Segment Open

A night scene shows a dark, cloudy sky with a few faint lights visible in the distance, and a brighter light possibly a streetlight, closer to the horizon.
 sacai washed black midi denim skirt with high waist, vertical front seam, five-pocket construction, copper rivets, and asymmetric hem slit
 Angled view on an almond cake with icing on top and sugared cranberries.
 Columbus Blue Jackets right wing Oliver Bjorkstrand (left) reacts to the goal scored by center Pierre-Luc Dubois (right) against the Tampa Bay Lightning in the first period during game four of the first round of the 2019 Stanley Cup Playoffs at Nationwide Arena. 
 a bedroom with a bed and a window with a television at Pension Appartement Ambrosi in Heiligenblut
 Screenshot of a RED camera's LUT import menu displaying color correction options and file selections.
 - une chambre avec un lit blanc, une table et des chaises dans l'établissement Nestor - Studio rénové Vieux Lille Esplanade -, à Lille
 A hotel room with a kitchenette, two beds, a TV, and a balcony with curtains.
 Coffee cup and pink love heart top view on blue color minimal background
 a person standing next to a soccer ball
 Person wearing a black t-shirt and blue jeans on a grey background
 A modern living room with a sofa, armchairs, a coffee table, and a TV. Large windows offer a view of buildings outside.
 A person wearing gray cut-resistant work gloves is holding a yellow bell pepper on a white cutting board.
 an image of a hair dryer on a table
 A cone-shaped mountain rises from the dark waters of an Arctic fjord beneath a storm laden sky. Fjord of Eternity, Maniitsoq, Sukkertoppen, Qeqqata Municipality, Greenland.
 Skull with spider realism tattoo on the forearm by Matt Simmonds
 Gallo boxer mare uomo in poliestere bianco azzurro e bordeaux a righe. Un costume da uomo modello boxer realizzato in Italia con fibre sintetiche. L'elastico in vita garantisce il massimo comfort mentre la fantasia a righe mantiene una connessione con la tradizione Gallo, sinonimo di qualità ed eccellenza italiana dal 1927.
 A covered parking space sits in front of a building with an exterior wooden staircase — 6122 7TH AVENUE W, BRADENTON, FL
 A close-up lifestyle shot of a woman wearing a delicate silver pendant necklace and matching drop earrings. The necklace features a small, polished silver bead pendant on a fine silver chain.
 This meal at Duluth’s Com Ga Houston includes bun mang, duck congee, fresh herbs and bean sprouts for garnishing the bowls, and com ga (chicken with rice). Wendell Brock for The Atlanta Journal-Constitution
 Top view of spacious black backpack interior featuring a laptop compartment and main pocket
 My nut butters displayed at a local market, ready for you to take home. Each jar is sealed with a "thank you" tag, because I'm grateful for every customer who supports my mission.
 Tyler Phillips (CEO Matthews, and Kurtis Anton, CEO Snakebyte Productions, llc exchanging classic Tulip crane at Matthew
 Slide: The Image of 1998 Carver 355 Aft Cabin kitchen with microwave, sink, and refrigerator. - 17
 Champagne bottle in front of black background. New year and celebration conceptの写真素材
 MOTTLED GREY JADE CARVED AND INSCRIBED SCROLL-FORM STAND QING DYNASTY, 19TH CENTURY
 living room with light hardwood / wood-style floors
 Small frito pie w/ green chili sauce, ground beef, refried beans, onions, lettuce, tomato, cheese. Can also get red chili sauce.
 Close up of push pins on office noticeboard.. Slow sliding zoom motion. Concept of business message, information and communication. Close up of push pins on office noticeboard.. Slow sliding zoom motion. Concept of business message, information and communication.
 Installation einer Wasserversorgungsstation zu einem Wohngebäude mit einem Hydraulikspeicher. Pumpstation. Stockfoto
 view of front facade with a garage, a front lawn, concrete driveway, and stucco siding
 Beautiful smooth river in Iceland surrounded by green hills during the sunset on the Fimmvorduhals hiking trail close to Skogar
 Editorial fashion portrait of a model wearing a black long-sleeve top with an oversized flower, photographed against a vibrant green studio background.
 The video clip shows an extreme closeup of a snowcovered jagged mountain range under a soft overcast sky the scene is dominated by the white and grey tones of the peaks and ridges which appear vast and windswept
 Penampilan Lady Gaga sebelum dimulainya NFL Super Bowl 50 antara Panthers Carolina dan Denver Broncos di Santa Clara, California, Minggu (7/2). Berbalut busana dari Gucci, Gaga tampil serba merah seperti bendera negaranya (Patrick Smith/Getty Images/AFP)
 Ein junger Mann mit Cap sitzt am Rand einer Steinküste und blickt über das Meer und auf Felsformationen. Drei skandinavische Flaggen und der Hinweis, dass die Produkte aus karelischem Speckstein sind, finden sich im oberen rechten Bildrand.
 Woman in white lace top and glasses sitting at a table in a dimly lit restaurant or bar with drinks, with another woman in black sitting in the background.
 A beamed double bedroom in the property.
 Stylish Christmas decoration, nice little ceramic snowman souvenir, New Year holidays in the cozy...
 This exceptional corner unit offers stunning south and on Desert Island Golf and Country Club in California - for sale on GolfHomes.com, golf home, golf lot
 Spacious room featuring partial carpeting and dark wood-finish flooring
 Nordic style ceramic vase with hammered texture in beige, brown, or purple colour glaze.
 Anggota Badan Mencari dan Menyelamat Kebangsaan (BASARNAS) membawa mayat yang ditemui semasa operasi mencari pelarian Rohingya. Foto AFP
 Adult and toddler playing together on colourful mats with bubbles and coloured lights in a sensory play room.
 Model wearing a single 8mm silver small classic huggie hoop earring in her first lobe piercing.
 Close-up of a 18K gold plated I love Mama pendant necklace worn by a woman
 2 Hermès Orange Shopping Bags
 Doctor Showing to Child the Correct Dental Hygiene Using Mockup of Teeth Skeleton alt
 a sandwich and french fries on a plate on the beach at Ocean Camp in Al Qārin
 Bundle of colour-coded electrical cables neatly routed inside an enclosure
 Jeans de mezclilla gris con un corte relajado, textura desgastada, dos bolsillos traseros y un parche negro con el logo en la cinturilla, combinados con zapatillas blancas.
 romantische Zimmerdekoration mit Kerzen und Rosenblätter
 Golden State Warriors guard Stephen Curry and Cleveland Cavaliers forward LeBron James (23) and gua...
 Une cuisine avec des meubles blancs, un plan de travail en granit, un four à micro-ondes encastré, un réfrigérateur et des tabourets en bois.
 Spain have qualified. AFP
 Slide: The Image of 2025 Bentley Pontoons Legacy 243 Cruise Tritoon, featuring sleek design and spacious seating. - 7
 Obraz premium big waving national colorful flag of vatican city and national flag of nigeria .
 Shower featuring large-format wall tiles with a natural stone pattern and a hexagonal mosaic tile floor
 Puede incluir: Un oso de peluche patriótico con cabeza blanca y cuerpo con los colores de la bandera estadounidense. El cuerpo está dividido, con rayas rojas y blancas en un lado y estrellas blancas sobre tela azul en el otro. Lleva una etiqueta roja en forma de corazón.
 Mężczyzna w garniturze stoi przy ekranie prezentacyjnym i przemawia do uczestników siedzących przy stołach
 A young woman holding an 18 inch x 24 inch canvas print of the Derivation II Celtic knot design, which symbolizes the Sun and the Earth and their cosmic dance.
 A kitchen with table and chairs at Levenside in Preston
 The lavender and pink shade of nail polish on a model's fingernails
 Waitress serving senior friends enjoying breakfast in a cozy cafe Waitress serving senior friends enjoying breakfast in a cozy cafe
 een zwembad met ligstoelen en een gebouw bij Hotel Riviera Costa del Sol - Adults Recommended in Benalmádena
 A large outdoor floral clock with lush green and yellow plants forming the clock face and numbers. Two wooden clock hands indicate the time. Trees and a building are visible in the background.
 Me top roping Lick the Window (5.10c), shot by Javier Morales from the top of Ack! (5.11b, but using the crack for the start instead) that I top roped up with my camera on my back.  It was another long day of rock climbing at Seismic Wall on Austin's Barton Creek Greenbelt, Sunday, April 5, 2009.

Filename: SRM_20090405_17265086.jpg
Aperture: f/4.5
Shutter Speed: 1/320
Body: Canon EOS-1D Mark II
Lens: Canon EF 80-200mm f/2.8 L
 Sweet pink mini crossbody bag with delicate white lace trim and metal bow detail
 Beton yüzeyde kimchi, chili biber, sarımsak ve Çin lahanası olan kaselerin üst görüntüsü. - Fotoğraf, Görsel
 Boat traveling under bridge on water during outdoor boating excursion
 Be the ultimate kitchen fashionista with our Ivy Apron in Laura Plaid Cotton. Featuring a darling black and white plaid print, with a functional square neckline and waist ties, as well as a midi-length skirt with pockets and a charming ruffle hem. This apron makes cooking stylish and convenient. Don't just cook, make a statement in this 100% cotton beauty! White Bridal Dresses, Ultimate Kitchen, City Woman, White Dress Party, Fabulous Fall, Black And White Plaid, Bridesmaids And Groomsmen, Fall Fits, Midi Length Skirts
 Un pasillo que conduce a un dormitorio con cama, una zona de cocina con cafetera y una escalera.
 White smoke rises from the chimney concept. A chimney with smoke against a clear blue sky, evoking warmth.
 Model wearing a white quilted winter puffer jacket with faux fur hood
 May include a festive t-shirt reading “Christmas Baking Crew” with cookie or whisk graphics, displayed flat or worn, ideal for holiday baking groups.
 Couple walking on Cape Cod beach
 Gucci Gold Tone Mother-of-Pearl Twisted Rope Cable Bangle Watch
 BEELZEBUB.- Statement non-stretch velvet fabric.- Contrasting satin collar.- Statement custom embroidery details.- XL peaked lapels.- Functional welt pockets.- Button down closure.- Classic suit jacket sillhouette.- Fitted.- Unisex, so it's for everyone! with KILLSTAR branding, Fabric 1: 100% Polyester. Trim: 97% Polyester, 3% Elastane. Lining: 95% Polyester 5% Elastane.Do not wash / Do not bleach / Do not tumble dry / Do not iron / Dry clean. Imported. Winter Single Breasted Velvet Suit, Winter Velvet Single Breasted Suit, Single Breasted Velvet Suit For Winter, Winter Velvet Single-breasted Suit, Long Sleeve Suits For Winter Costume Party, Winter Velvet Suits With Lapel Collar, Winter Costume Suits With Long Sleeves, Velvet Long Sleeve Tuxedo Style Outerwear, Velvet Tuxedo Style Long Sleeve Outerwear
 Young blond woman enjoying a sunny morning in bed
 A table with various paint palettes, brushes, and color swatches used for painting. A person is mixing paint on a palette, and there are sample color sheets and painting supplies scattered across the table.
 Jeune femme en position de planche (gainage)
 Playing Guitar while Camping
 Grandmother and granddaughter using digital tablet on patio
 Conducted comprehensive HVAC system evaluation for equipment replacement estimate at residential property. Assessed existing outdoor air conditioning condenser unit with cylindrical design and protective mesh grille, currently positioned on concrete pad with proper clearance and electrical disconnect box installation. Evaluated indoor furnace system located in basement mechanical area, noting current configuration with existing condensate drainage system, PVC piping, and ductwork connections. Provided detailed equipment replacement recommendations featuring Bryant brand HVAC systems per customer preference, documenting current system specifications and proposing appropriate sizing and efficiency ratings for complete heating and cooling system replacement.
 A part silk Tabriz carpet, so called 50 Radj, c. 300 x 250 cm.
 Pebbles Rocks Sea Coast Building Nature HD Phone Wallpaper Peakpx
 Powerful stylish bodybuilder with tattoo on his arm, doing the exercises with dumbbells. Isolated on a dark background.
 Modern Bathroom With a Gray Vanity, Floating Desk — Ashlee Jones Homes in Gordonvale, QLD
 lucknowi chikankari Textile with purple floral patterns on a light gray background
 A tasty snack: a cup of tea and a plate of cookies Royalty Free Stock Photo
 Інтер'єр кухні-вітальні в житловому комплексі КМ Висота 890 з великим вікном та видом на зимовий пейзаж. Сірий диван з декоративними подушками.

Segment Closed

▸ **Problem details**:
Produce a word-for-word copy of everything above from the line holding "cozy cafe Waitress" down to the line holding "Boat traveling under", with both of those lines kept.

▸ **Result for this task**:
 Waitress serving senior friends enjoying breakfast in a cozy cafe Waitress serving senior friends enjoying breakfast in a cozy cafe
 een zwembad met ligstoelen en een gebouw bij Hotel Riviera Costa del Sol - Adults Recommended in Benalmádena
 A large outdoor floral clock with lush green and yellow plants forming the clock face and numbers. Two wooden clock hands indicate the time. Trees and a building are visible in the background.
 Me top roping Lick the Window (5.10c), shot by Javier Morales from the top of Ack! (5.11b, but using the crack for the start instead) that I top roped up with my camera on my back.  It was another long day of rock climbing at Seismic Wall on Austin's Barton Creek Greenbelt, Sunday, April 5, 2009.

Filename: SRM_20090405_17265086.jpg
Aperture: f/4.5
Shutter Speed: 1/320
Body: Canon EOS-1D Mark II
Lens: Canon EF 80-200mm f/2.8 L
 Sweet pink mini crossbody bag with delicate white lace trim and metal bow detail
 Beton yüzeyde kimchi, chili biber, sarımsak ve Çin lahanası olan kaselerin üst görüntüsü. - Fotoğraf, Görsel
 Boat traveling under bridge on water during outdoor boating excursion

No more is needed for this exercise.